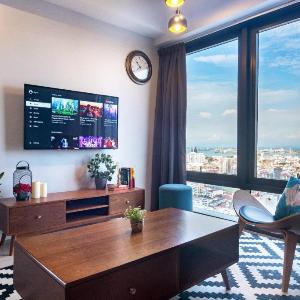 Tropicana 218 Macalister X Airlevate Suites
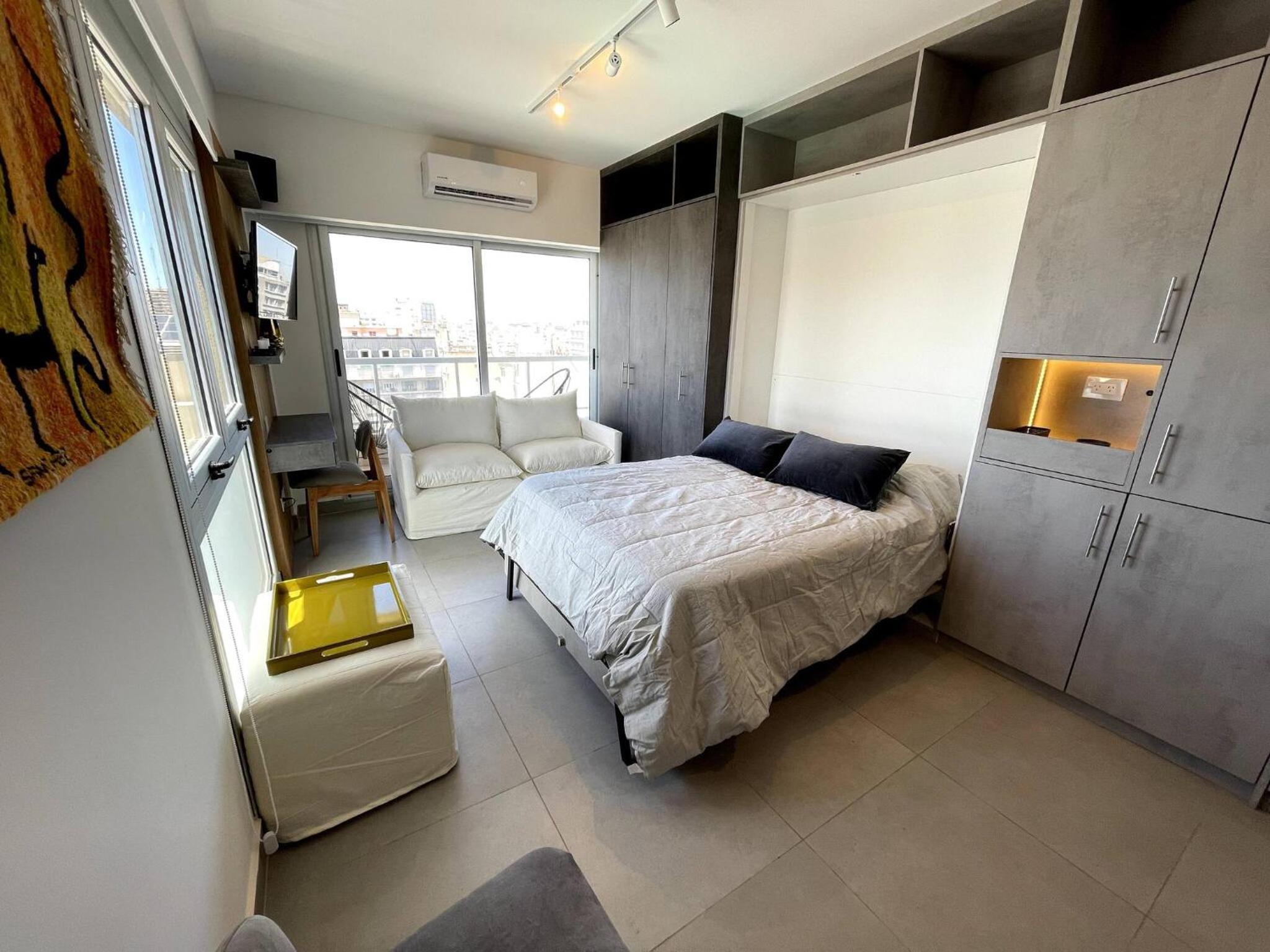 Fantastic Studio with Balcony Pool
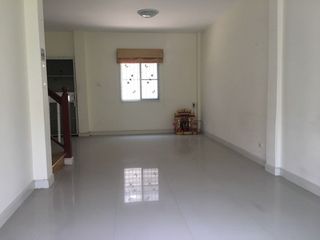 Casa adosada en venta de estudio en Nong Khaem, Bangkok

- _Task objective_: All of the data above should be printed again exactly, though none of the pictures belong in the copy.

- _Output below_:
 Tropicana 218 Macalister X Airlevate Suites
 Fantastic Studio with Balcony Pool
 Casa adosada en venta de estudio en Nong Khaem, Bangkok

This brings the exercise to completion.